» EXERCISE INSTRUCTIONS
Copy exactly the lines from the line holding "Erik Ten Hag" through the end of the material, and no others; pictures stay out.

» RECORDED DATA
Start of Block
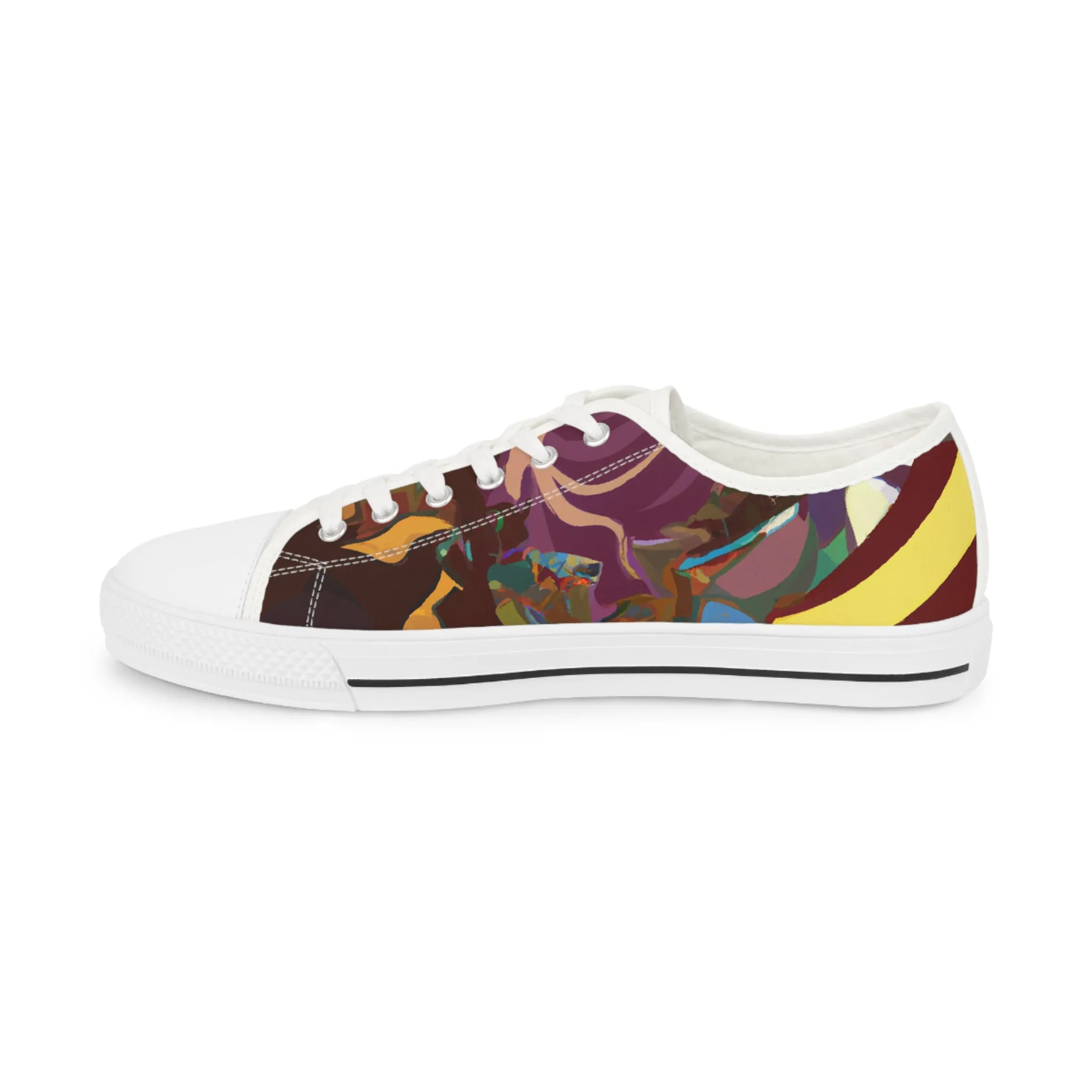 Gideon GlitznStilettoz - low top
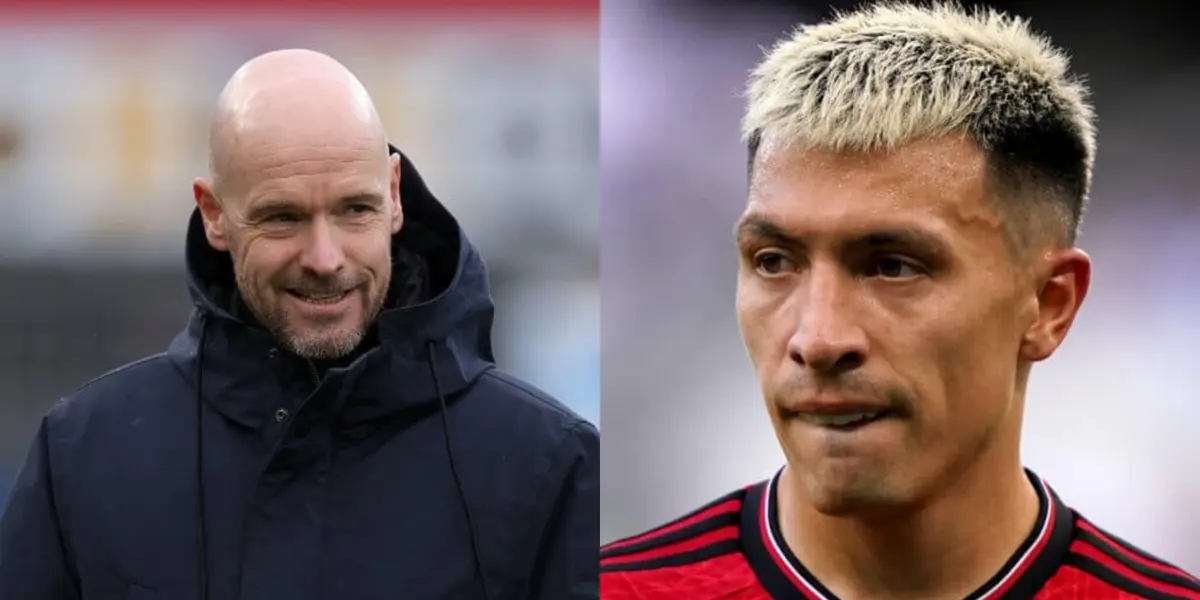 Erik Ten Hag would be keen on signing a new Lisandro Martinez from Boca Juniors.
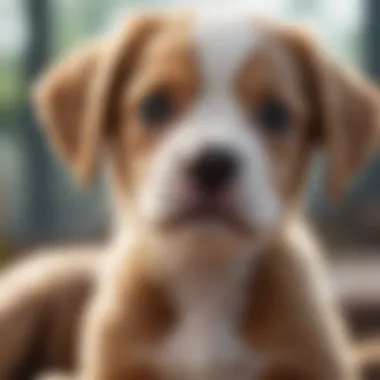 Causes of Whining in Puppies Understanding the causes of puppy whining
End of Block
» PROBLEM SOLUTION
 Erik Ten Hag would be keen on signing a new Lisandro Martinez from Boca Juniors.
 Causes of Whining in Puppies Understanding the causes of puppy whining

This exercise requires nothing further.